- A APA qualificou como abuso a imposição de não pôr chapéus-de-sol em frente às concessões de praia, e admitiu divulgar uma nota de esclarecimento até ao final da semana.
- A área concessionada é apenas aquela delimitada pelo rectângulo junto aos chapéus-de-sol; o resto da praia continua de uso livre.
- A agência vai retirar a sinalética que restringia o uso de chapéus-de-sol frente às concessões, para evitar confusões, especialmente no Algarve.
- A ministra do Ambiente, Maria da Graça Carvalho, reiterou que as praias são bens públicos e que os concessionários devem cumprir as regras definidas pelas autoridades; o esclarecimento será acompanhando no terreno.

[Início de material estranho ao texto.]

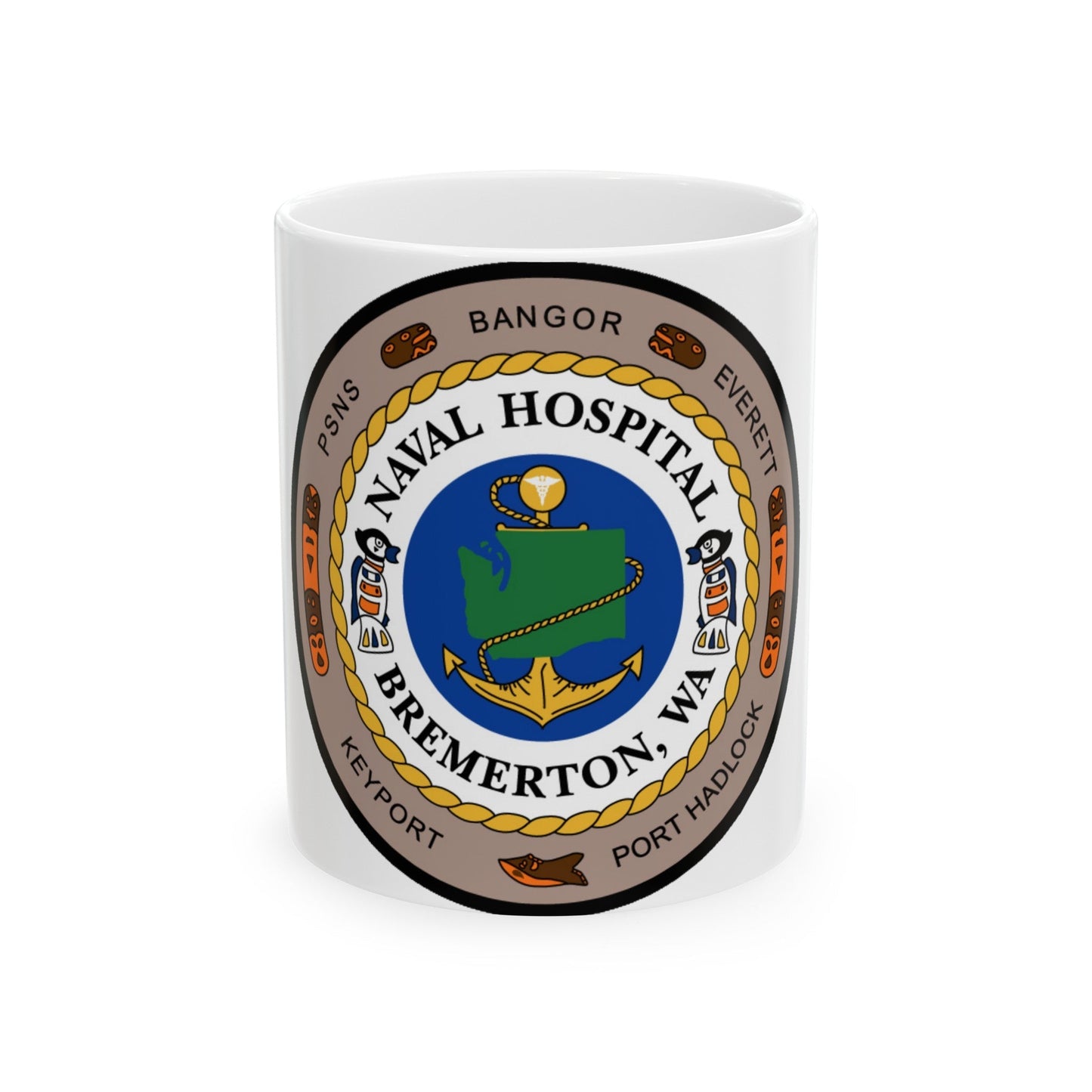 Naval Hospital Bremerton WAS 2006 (U.S. Navy) White Coffee Mug-11oz-The Sticker Space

- Hoje, junto à praia do Garrão, foi concluída a operação de reposição de areia naquele troço costeiro, com cerca de sete quilómetros, e prevê-se reforço adicional de 620 mil metros cúbicos de areia nos próximos 15 dias, sem prejudicar a abertura da época balnear a 1 de junho.
O arranque oficial da época balnear está marcado para 1 de Junho, com a APA a classificar uma prática de colocar chapéus-de-sol em frente às concessões como um abuso. A entidade promete divulgar uma nota de esclarecimento ainda nesta semana.
Durante uma visita da ministra do Ambiente à Praia do Garrão, em Loulé, o presidente da Agência Portuguesa do Ambiente, José Pimenta Machado, reforçou que apenas a área delimitada pelo rectângulo concessionado está sujeita a encargos. O restante é, afirma, de uso livre.
A APA deverá emitir até ao final da semana orientação para uniformizar a interpretação das regras junto de municípios, concessionários e da Autoridade Marítima. A ideia é reduzir a confusão existente no Algarve, que não se verifica noutras regiões do país.
Ambiente e regras
Maria da Graça Carvalho sublinhou que as praias são espaços públicos e que os concessionários devem cumprir as regras definidas pelas autoridades. Banhistas podem colocar chapéus-de-sol frente às concessões, desde que respeitem as áreas concessionadas.
O presidente da APA e a ministra estiveram no Garrão para assinalar a conclusão da reposição de areia num troço costeiro de cerca de sete quilómetros. Ainda estão previstas firmas de reforço com cerca de 620 mil m³ de areia nos próximos 15 dias, sem afetar a época balnear.
A ministra destacou que as praias são públicas e a APA acompanhará a aplicação do esclarecimento no terreno assim que for emitido. O objetivo é assegurar claridade entre concessionários, municípios e a Autoridade Marítima.